Mais les conséquences ne sont pas seulement émotionnelles, elles sont aussi physiques : troubles du sommeil, douleurs cervicales, migraines, diminution de l’activité sportive. «Ce n’est pas seulement une question de bien-être psychologique; il y a des implications réelles, mesurables, sur la santé globale», insiste-t-elle.

Pour un sommeil beaucoup plus réparateur, Simi Odusanya recommande tout simplement de lire avant de se coucher au lieu de regarder son écran de téléphone cellulaire. Photo : Courtoisie
Adaptation contre dépendance
Il ne s’agit pas de jeter à la poubelle cellulaire, tablette numérique ou ordinateur, mais de retrouver un équilibre. «Le téléphone peut être un outil formidable. Mais quand il devient une extension de notre main, qu’on ne peut plus passer une heure sans le consulter, il faut se poser des questions», laisse tomber Dre Dion. Elle évoque aussi le rôle clé des parents et des éducateurs, «le modèle qu’on offre aux enfants est fondamental. Si nous sommes constamment accrochés à nos écrans, difficile de leur demander de décrocher».

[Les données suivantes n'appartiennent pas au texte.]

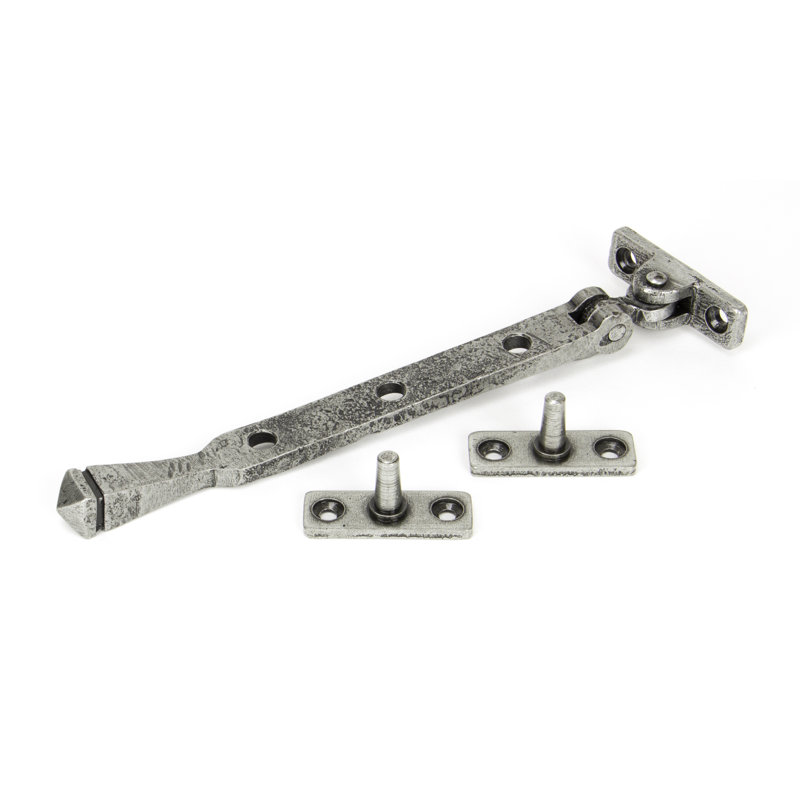 Avon Stay Door Accessory, Pewter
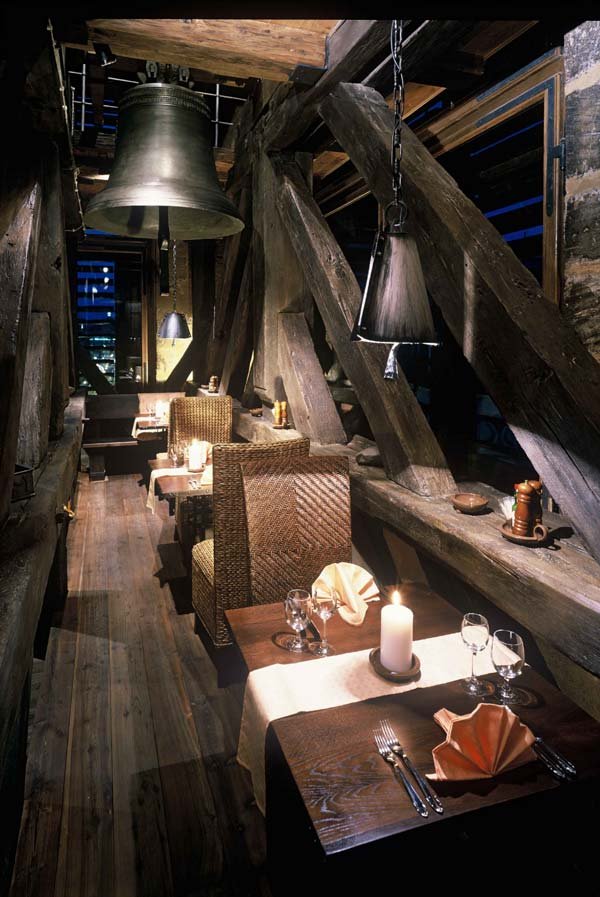 Jindřišská věž Jindřišská věž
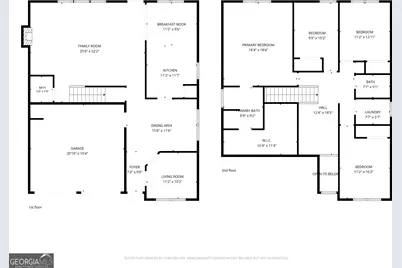 25 Trayton Way, Hiram, GA 30141 - Photo 44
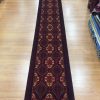 Baloochi tribal 370 cm. X 63 cm. fine wool runner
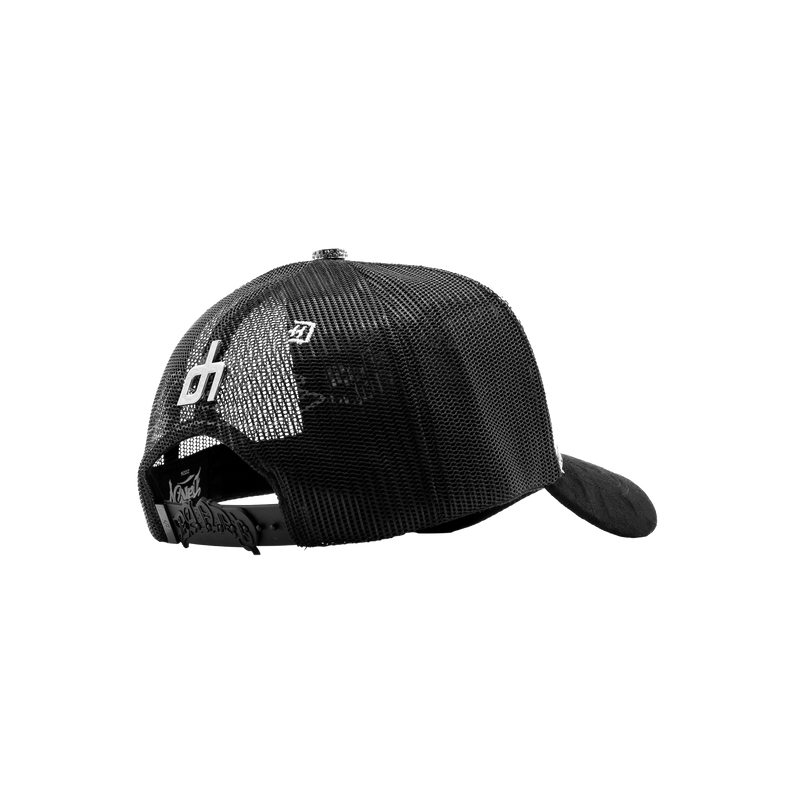 "D" SPEC - DANDY HATS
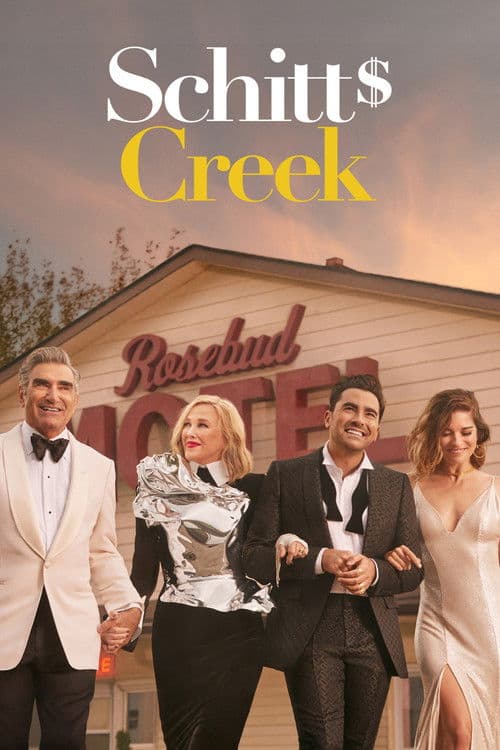 Schitt's Creek S06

Pour sensibiliser les gens à cette dépendance, la Dre Dion a fait appel à deux jeunes étudiants en biologie du Campus Saint-Jean afin de produire une capsule vidéo sur le sujet dans le cadre d’Éduc-Franco Santé, un organisme et une chaine YouTube franco-albertaine.
Dans cette capsule vidéo de 3 minutes, souvent amusante, Simi Odusanya et Catelyn Keough abordent l’effet de l’utilisation de l’écran sur le sommeil. Ils ont aussi développé un atelier qu’ils présentent dans diverses écoles francophones de la province.
Les deux étudiants reconnaissent que leur génération, ayant grandi avec les téléphones, découvre peu à peu l’impact de cette exposition prolongée. «Maintenant, on connaît plus les effets néfastes et on veut juste en partager quelques-uns», explique Simi.

Catelyn Keough suggère une activité lorsqu’on va au restaurant. Là-bas, toutes les personnes présentes à votre table déposent leur cellulaire au milieu de celle-ci et ne peuvent pas y toucher durant tout le repas… Qui sera le gagnant? Photo : Courtoisie
Quant à Catelyn, elle explique qu’en soi, utiliser un écran procure du bonheur. En cause, la dopamine, un neurotransmetteur, qui joue un rôle important dans la communication avec le cerveau. Mais cette molécule du plaisir peut aussi mener vers la dépendance. «Si on commence tôt le matin à utiliser son écran, c’est comme un citron, ça va juste squeezer et on n’aura plus de dopamine pour le reste de la journée», explique-t-elle de manière imagée.
Simi Odusanya avoue que le soir, dans son lit, il a remplacé son cellulaire par un livre, ce qui l’amène vers un sommeil beaucoup plus paisible. «Avant, mon cell affectait mon niveau d’énergie pour les sports, pour aller à l’école… Si tu dors moins, tu n’as pas assez d’énergie physiquement pour faire ce que tu as besoin de faire», développe-t-il.
Les inquiétudes et interrogations de Dre Dion et de ces étudiants rejoignent de bien nombreuses études à travers le monde. Elle cite en exemple une enquête de l’Institut National du Sommeil et de la Vigilance (INSV) qui dévoilait en 2020 que plus d’un Français sur deux estimait que «la thématique du sommeil est un sujet de santé plus important qu’il y a 20 ans». L’enquête INSV/MGEN 2020 démontre aussi que l’augmentation de l’usage des écrans le soir entraîne beaucoup plus de réveils nocturnes.
Pour sortir de cette spirale, Dre Dion propose quelques gestes simples, mais très évocateurs : désactiver les notifications non essentielles, instaurer des moments sans écran dans la journée (notamment lors des repas) et retrouver le goût du silence. «Le cerveau a besoin de temps de pause, de latence. C’est dans ces moments-là qu’on réfléchit, qu’on rêve, qu’on crée.»
Glossaire – Neurotransmetteur : messagers chimiques qui participent à la communication entre le cerveau et l’organisme.